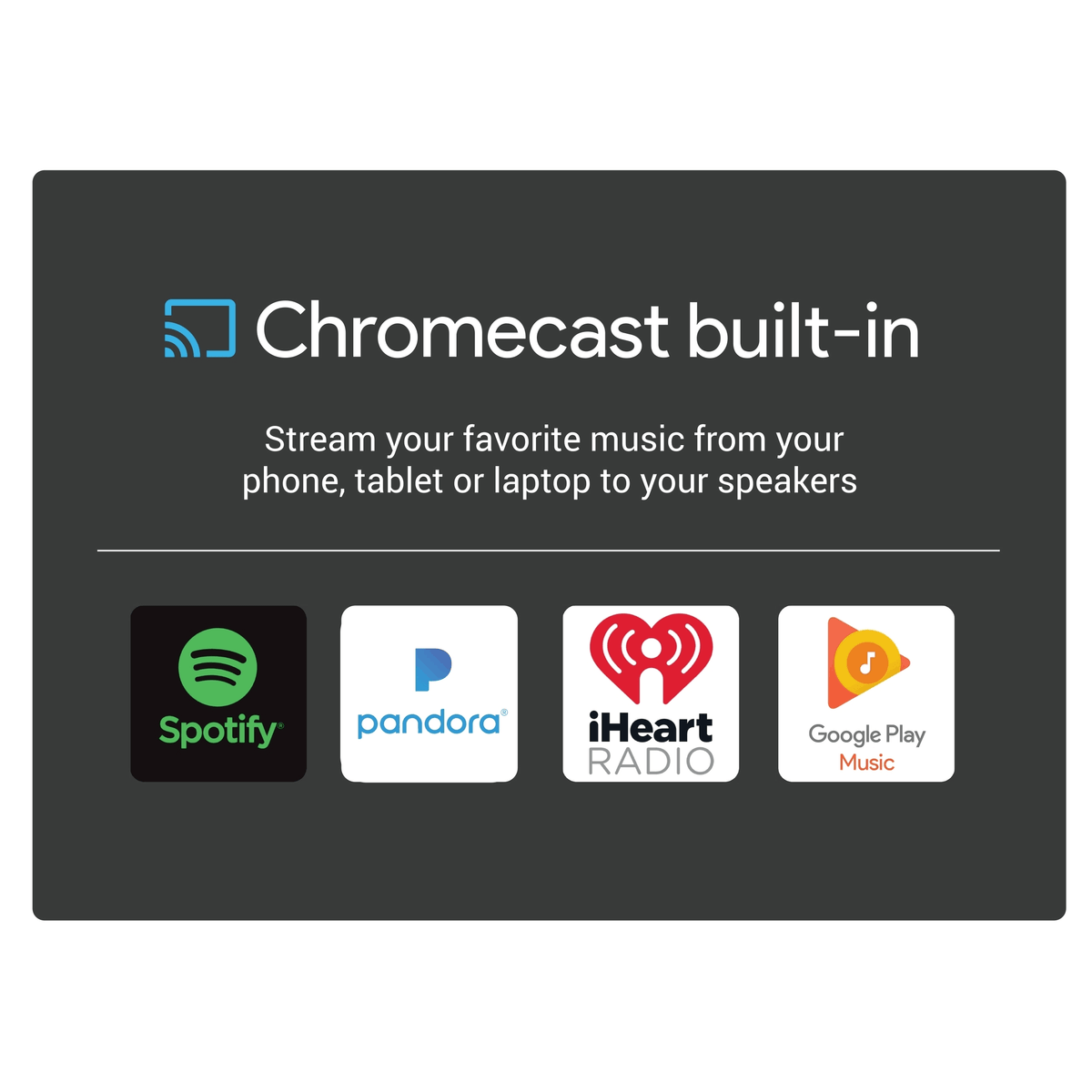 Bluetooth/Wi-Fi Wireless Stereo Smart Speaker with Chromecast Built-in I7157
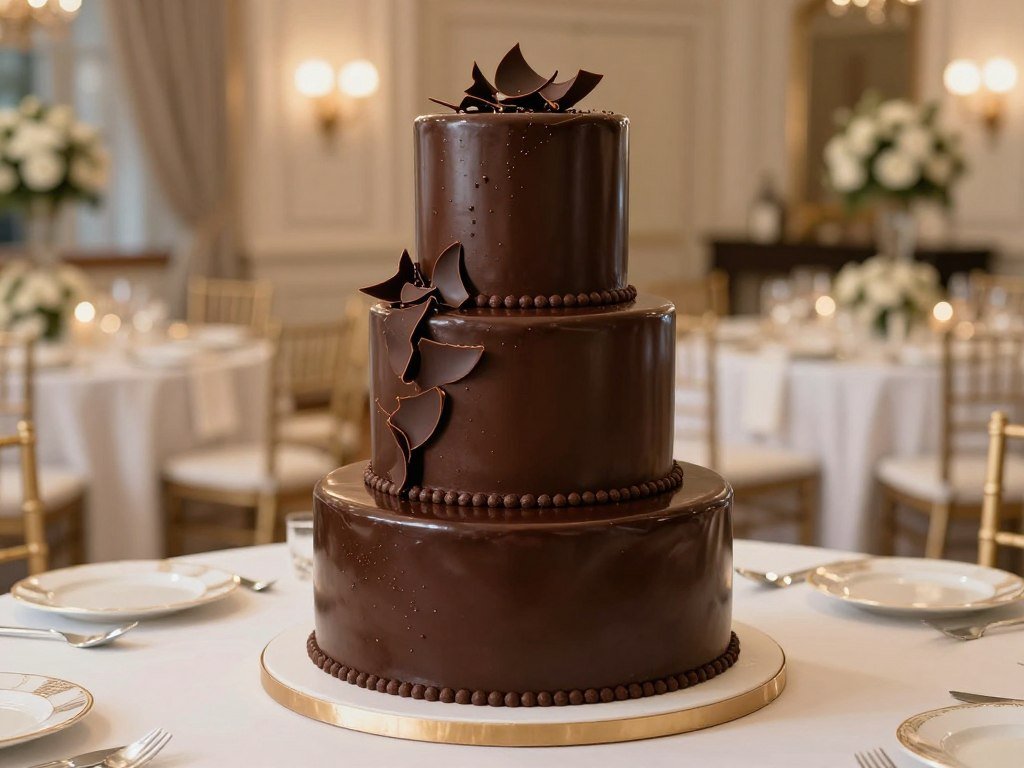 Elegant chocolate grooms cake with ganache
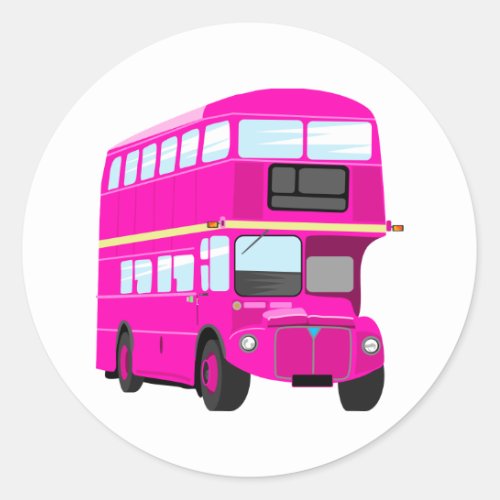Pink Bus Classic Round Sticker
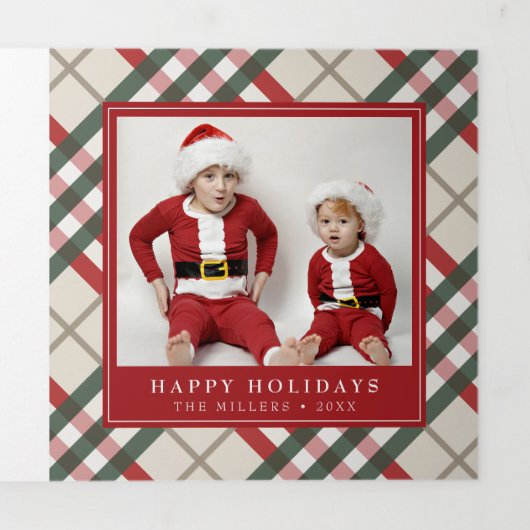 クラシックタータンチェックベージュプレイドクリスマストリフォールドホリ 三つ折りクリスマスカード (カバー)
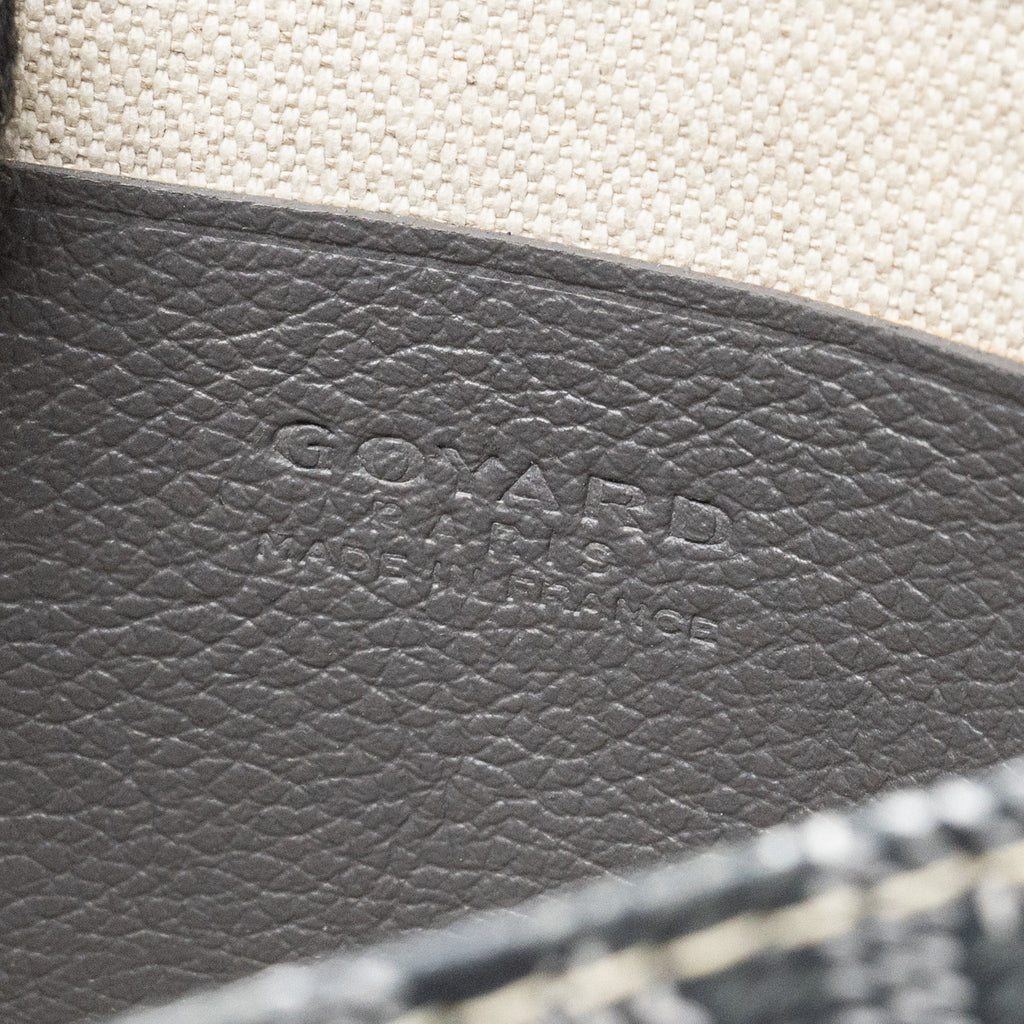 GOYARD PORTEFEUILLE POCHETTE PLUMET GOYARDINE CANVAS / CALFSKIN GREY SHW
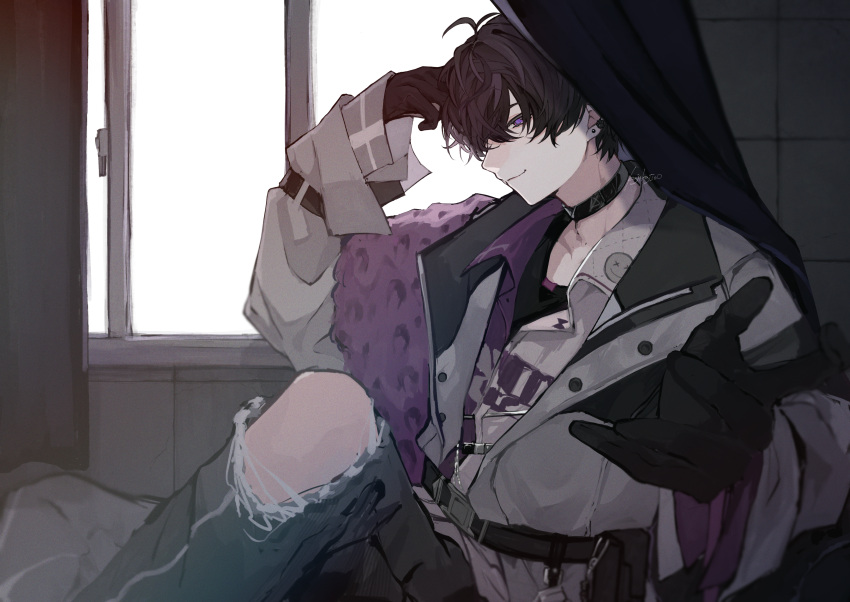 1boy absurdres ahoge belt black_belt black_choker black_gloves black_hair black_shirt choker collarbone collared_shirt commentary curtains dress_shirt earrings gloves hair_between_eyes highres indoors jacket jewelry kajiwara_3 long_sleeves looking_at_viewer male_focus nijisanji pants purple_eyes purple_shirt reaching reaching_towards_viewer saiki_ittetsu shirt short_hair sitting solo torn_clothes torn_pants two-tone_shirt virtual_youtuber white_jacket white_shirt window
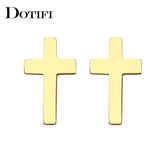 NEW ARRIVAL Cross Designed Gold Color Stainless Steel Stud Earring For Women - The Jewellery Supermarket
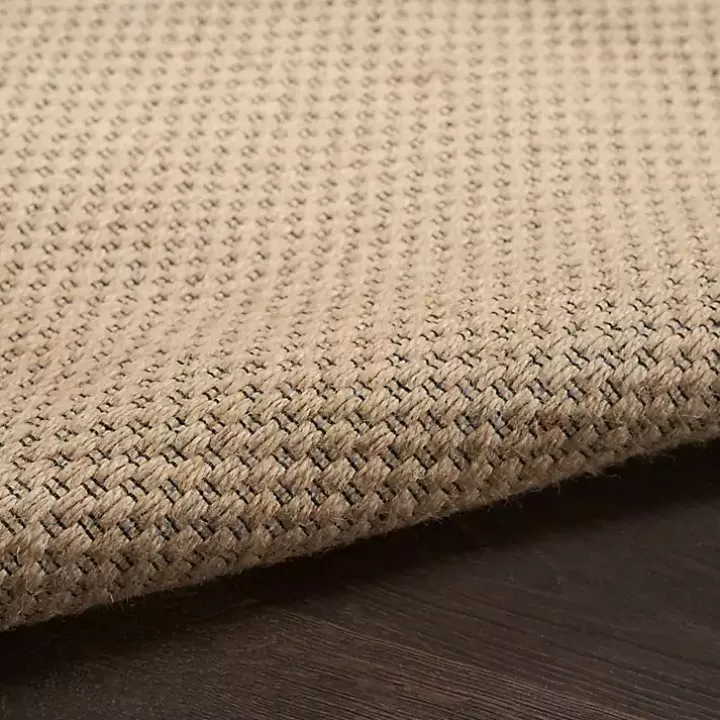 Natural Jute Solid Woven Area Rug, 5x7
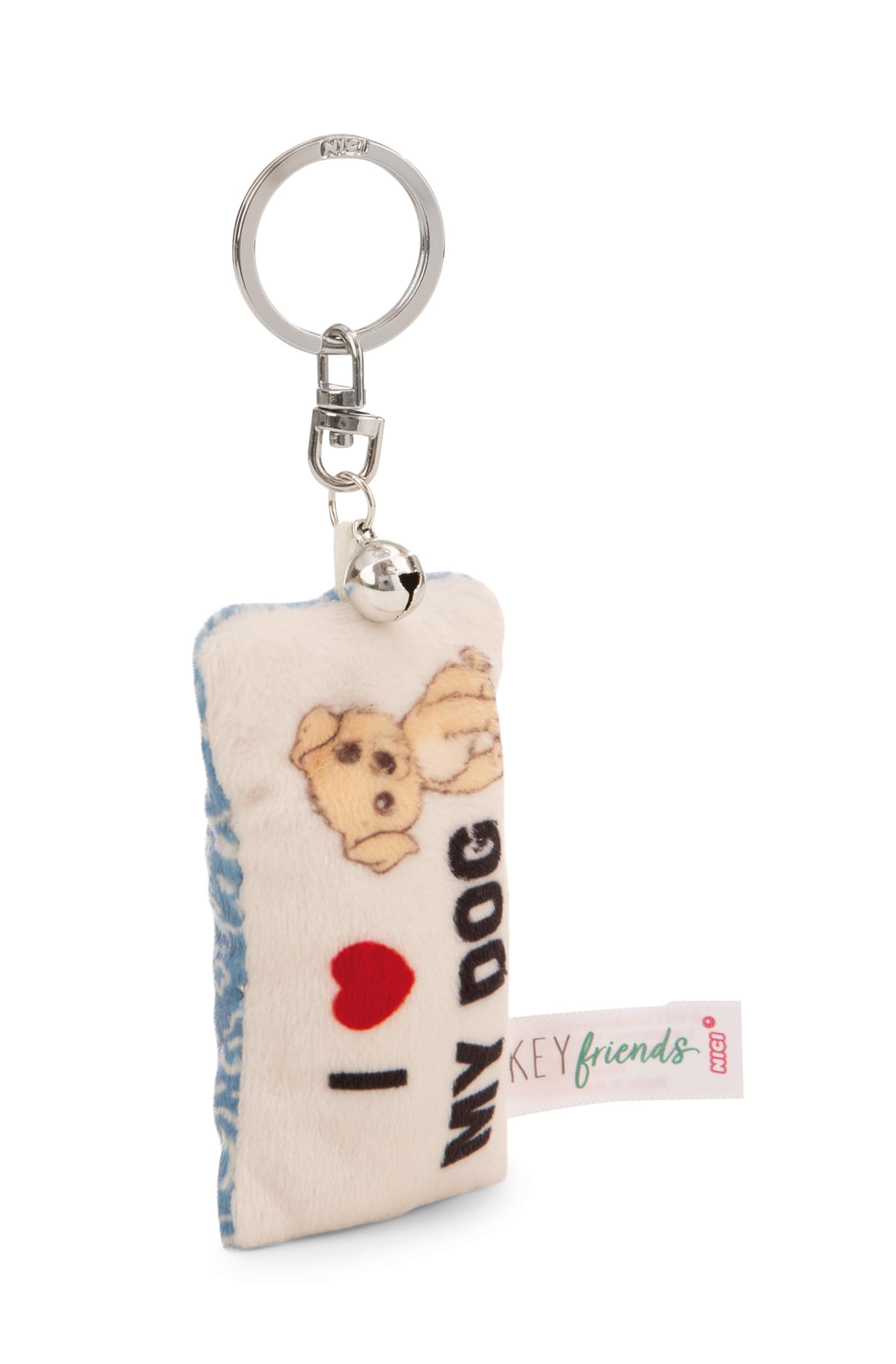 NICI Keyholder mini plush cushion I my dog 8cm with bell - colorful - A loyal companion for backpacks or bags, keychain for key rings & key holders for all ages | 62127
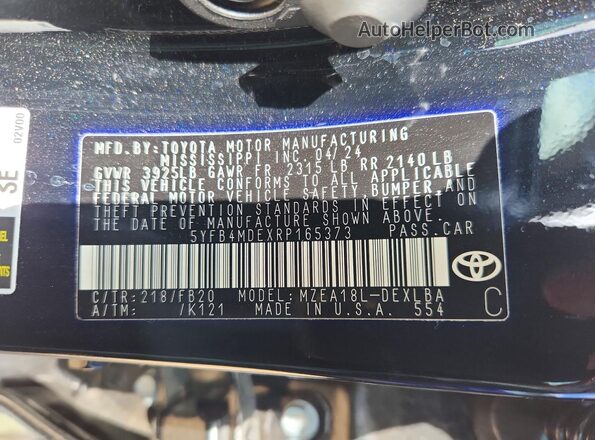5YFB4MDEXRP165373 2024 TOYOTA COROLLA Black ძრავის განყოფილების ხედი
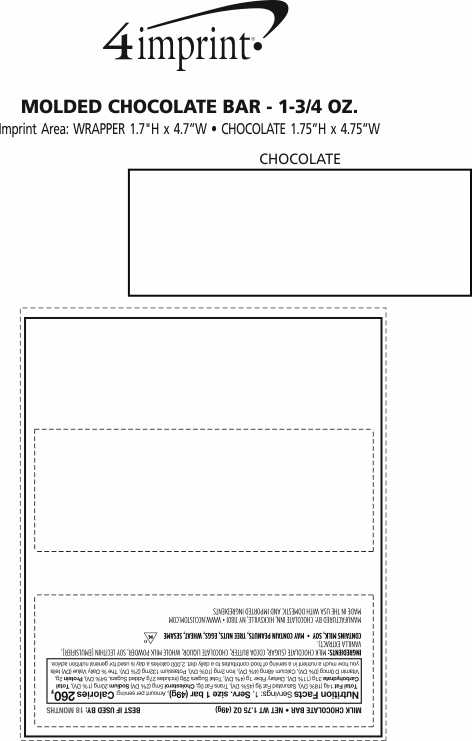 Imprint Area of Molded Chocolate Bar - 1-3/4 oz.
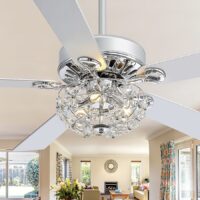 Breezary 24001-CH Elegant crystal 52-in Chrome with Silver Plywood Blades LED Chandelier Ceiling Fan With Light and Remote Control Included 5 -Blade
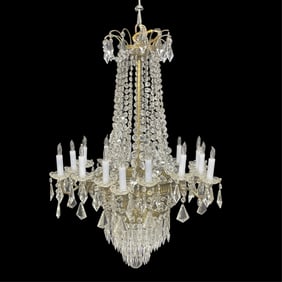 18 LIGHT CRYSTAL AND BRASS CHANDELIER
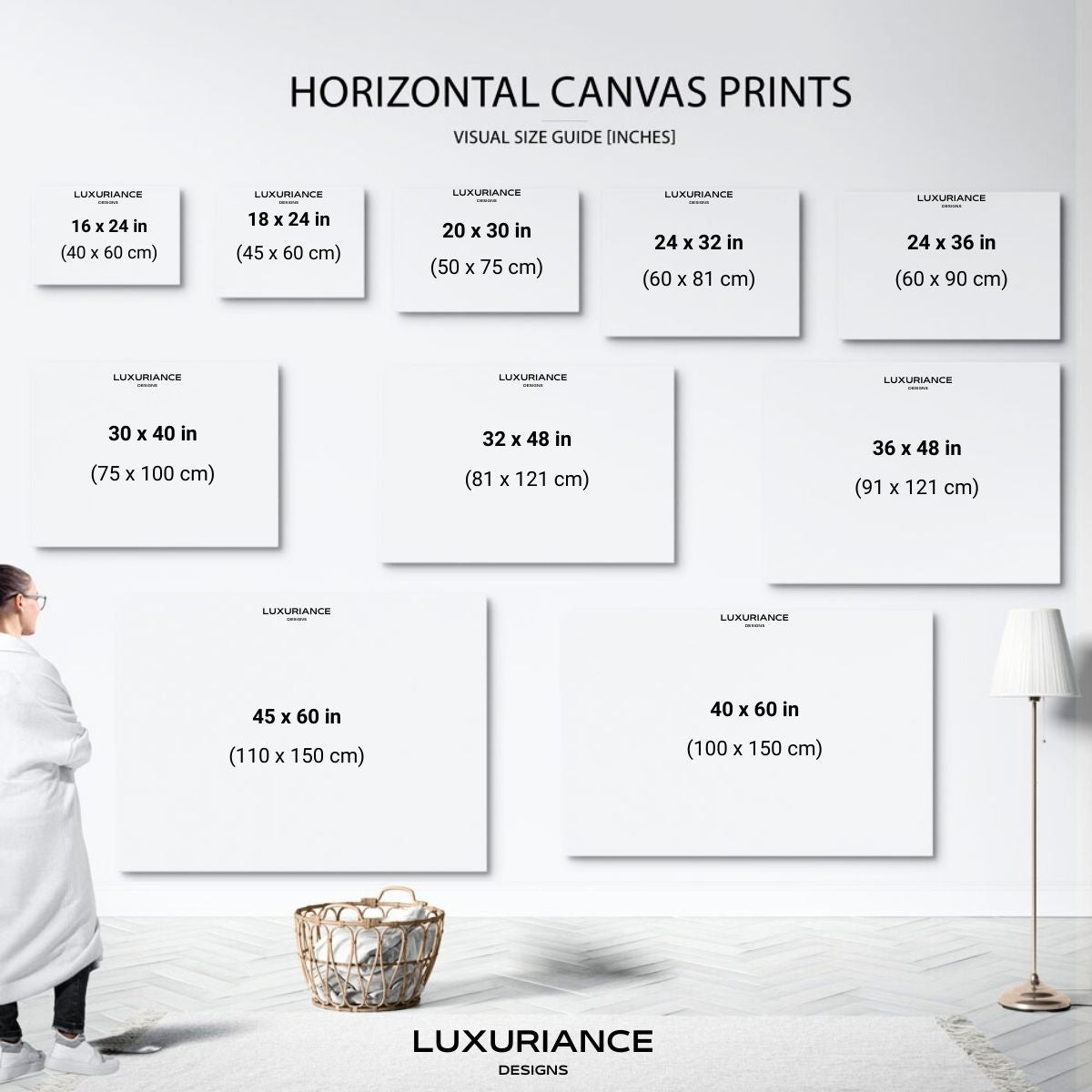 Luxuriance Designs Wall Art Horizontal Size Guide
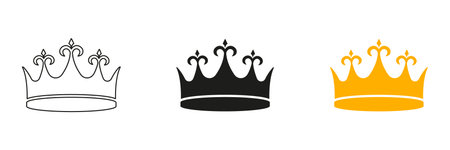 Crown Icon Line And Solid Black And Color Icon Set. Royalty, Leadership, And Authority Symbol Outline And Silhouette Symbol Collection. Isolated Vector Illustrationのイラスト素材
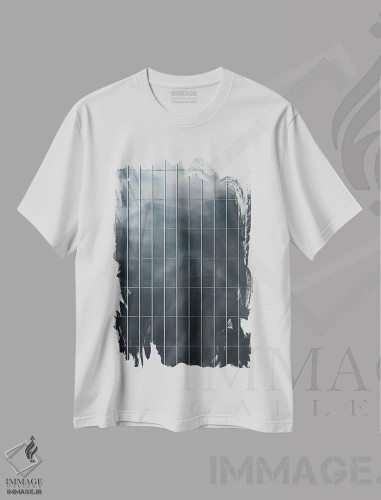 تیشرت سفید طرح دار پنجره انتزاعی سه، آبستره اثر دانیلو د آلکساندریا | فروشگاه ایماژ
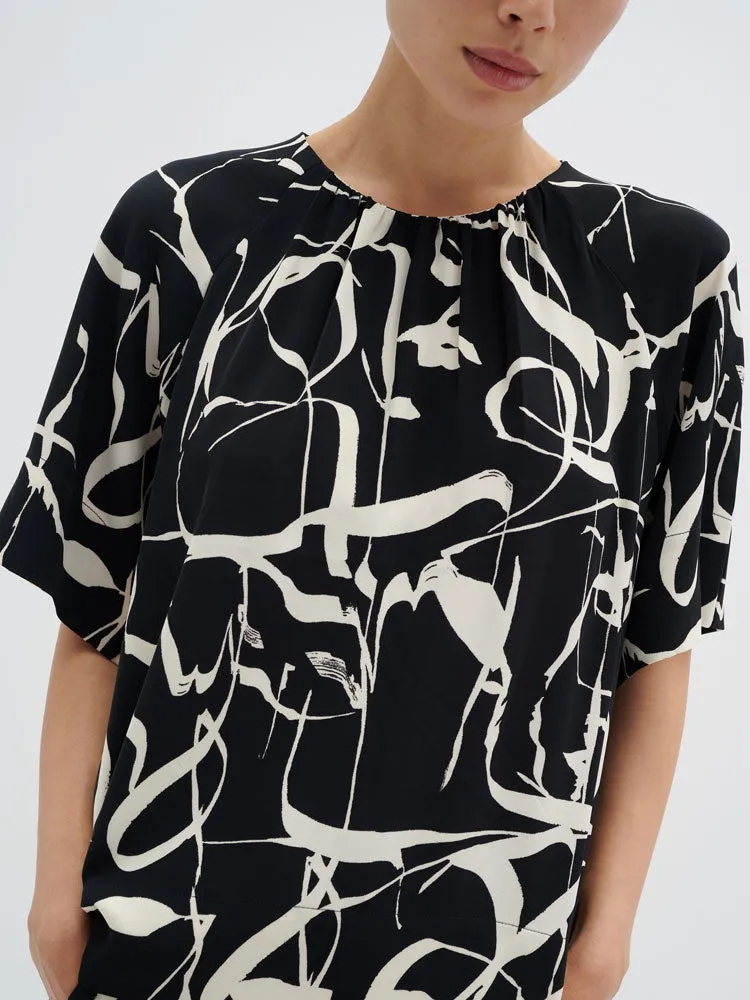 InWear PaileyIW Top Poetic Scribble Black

________________

→ **THE PROBLEM**
The whole listing must be transcribed exactly. No pictures belong in the copy.

→ **WRITTEN ANSWER**
 Bluetooth/Wi-Fi Wireless Stereo Smart Speaker with Chromecast Built-in I7157
 Elegant chocolate grooms cake with ganache
Pink Bus Classic Round Sticker
 クラシックタータンチェックベージュプレイドクリスマストリフォールドホリ 三つ折りクリスマスカード (カバー)
 GOYARD PORTEFEUILLE POCHETTE PLUMET GOYARDINE CANVAS / CALFSKIN GREY SHW
 1boy absurdres ahoge belt black_belt black_choker black_gloves black_hair black_shirt choker collarbone collared_shirt commentary curtains dress_shirt earrings gloves hair_between_eyes highres indoors jacket jewelry kajiwara_3 long_sleeves looking_at_viewer male_focus nijisanji pants purple_eyes purple_shirt reaching reaching_towards_viewer saiki_ittetsu shirt short_hair sitting solo torn_clothes torn_pants two-tone_shirt virtual_youtuber white_jacket white_shirt window
 NEW ARRIVAL Cross Designed Gold Color Stainless Steel Stud Earring For Women - The Jewellery Supermarket
 Natural Jute Solid Woven Area Rug, 5x7
 NICI Keyholder mini plush cushion I my dog 8cm with bell - colorful - A loyal companion for backpacks or bags, keychain for key rings & key holders for all ages | 62127
5YFB4MDEXRP165373 2024 TOYOTA COROLLA Black ძრავის განყოფილების ხედი
 Imprint Area of Molded Chocolate Bar - 1-3/4 oz.
 Breezary 24001-CH Elegant crystal 52-in Chrome with Silver Plywood Blades LED Chandelier Ceiling Fan With Light and Remote Control Included 5 -Blade
 18 LIGHT CRYSTAL AND BRASS CHANDELIER
 Luxuriance Designs Wall Art Horizontal Size Guide
 Crown Icon Line And Solid Black And Color Icon Set. Royalty, Leadership, And Authority Symbol Outline And Silhouette Symbol Collection. Isolated Vector Illustrationのイラスト素材
 تیشرت سفید طرح دار پنجره انتزاعی سه، آبستره اثر دانیلو د آلکساندریا | فروشگاه ایماژ
 InWear PaileyIW Top Poetic Scribble Black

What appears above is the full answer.